I usually do my glass last.

Try Gtechniq G4, its very easy to use. Or AG car glass polish. both are good.

Then seal them up with something, sealant, wax, specific glass sealant (like G3)


----------



## -Kev- (Oct 30, 2007)

autoglym glass polish is pretty good. you can use it once you've finished washing and drying the car


----------



## DW enthusiast (Jan 24, 2012)

cheers guys, perfect answers , just one thing, am i best applying say the AG glass polish on and off with seperate pieces of kitchen towels?


----------



## lemkey (Apr 16, 2010)

apply it with an applicator, and buff it off with a microfibre. 
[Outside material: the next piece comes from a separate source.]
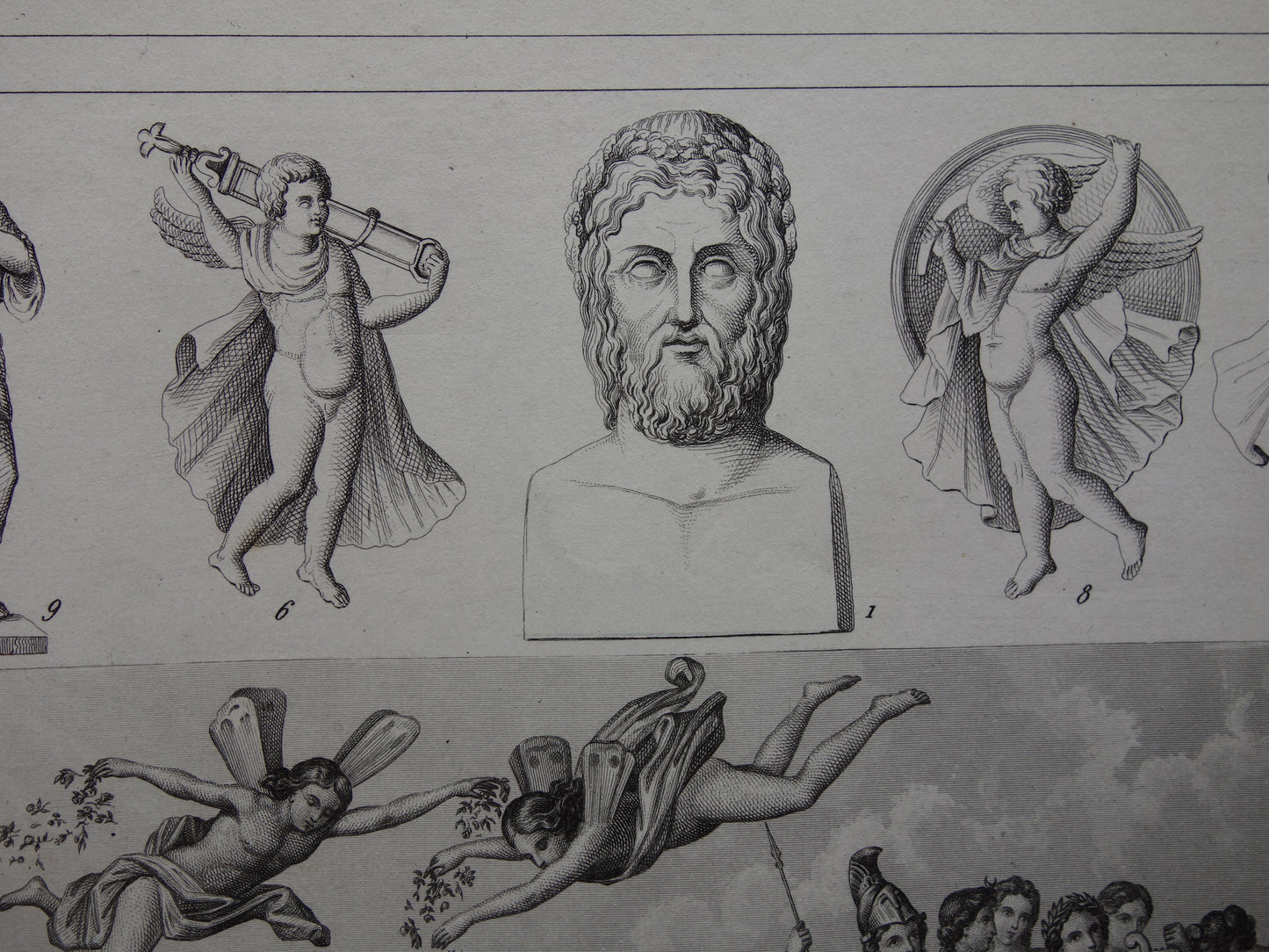 160+ jaar oude prent van Griekse en Romeinse goden Originele antieke illustratie Jupiter Zeus Europa Mars Venus vintage god religie print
I dont find the kitchen towel trick is much use with glass polish tbh. It works very well with spray cleaners on glass, as it stops the smearing.
But a polish will dry out before its buffed so you wont get any smearing.


----------



## DW enthusiast (Jan 24, 2012)

ok kool, what kind of applicator? like a cloth or buffing pad?


----------



## Damien89 (May 13, 2007)

Not really a glass polish but i use AF rejuvenate with great results.


----------



## lemkey (Apr 16, 2010)

DW enthusiast said:


> ok kool, what kind of applicator? like a cloth or buffing pad?


a microfibre/foam applicator pad or a microfibre cloth, or a cotton cloth will work fine.


----------



## DMH-01 (Mar 29, 2011)

AG Glass Polish or Barkeepers Friend.

Tried Ceriglass yesterday and it works really well.


----------



## MAUI (Feb 1, 2008)

GTechniq G4 or Duragloss Nu Glass. If you need to remove light scratches or wiper marks try Car Pro's Ceri Glass.


----------



## DW enthusiast (Jan 24, 2012)

lemkey said:


> a microfibre/foam applicator pad or a microfibre cloth, or a cotton cloth will work fine.


spot on mate


----------



## markito (May 19, 2010)

+1 for AG glass polish


----------